(Beginning of RECORDS SHOWN)

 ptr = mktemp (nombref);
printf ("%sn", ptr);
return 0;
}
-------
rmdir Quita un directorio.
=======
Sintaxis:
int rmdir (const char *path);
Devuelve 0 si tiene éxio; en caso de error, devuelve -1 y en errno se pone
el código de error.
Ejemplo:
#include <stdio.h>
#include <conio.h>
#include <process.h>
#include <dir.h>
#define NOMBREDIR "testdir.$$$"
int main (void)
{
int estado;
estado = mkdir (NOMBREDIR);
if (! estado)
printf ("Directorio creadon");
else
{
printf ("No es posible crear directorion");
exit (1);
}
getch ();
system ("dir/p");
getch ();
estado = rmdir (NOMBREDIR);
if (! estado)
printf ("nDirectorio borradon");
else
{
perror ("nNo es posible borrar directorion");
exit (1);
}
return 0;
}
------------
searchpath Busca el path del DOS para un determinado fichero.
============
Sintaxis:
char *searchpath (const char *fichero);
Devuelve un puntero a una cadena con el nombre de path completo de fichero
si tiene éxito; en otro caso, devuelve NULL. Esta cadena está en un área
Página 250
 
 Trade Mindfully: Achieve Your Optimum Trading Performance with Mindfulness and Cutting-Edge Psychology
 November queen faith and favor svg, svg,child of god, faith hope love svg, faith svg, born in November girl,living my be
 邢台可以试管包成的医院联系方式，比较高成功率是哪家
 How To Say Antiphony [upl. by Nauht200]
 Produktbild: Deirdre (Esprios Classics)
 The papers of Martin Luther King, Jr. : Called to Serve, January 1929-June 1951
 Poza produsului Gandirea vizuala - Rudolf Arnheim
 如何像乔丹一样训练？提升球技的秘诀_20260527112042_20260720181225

(End of RECORDS SHOWN)
(Beginning of RECORDS SHOWN)

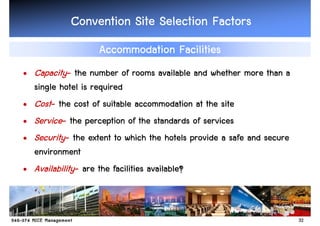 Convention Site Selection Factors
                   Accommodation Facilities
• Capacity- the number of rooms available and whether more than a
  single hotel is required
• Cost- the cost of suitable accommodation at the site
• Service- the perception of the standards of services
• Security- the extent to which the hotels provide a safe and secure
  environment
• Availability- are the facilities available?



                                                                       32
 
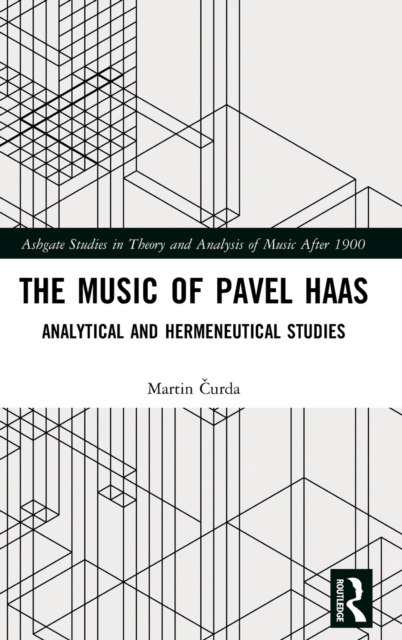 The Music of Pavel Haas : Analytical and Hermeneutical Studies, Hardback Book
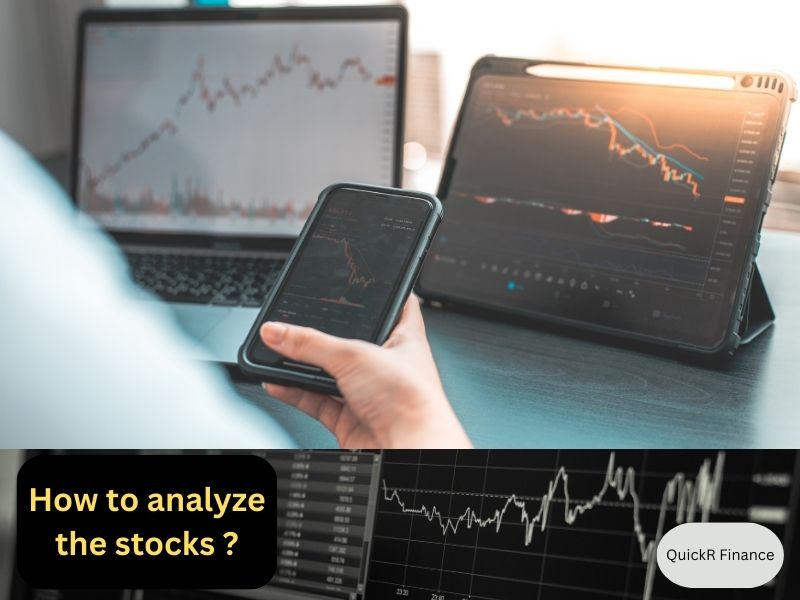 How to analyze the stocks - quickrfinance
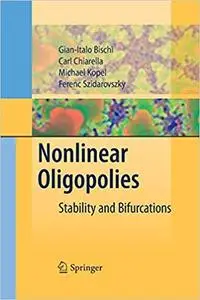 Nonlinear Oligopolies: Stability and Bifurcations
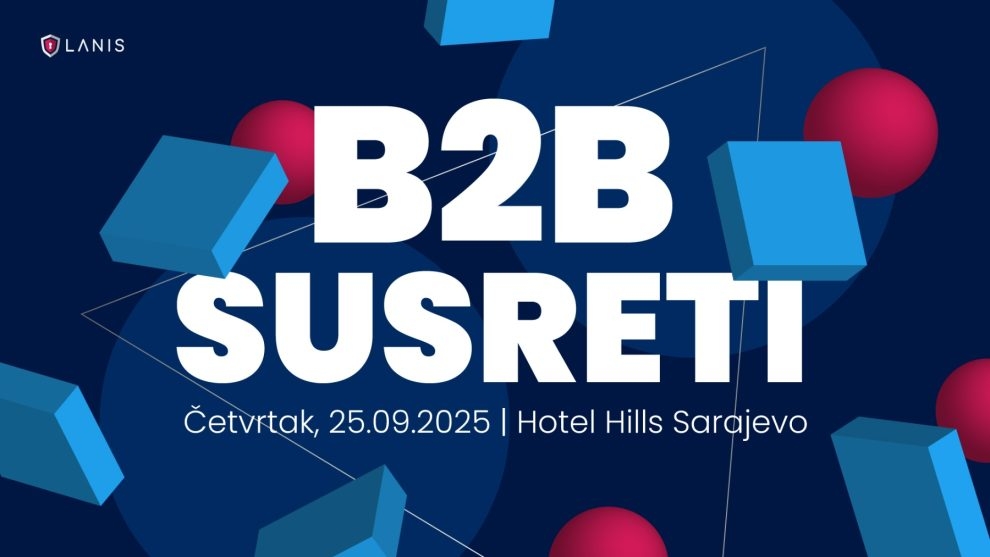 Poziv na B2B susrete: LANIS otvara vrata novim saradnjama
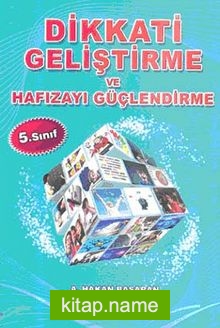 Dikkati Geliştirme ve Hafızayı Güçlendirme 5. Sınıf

(End of RECORDS SHOWN)

• **PROBLEM TO SOLVE**
Filter the records for the string "rmdir" and copy every line that holds it.

• **EXERCISE ANSWER**
rmdir Quita un directorio.
int rmdir (const char *path);
estado = rmdir (NOMBREDIR);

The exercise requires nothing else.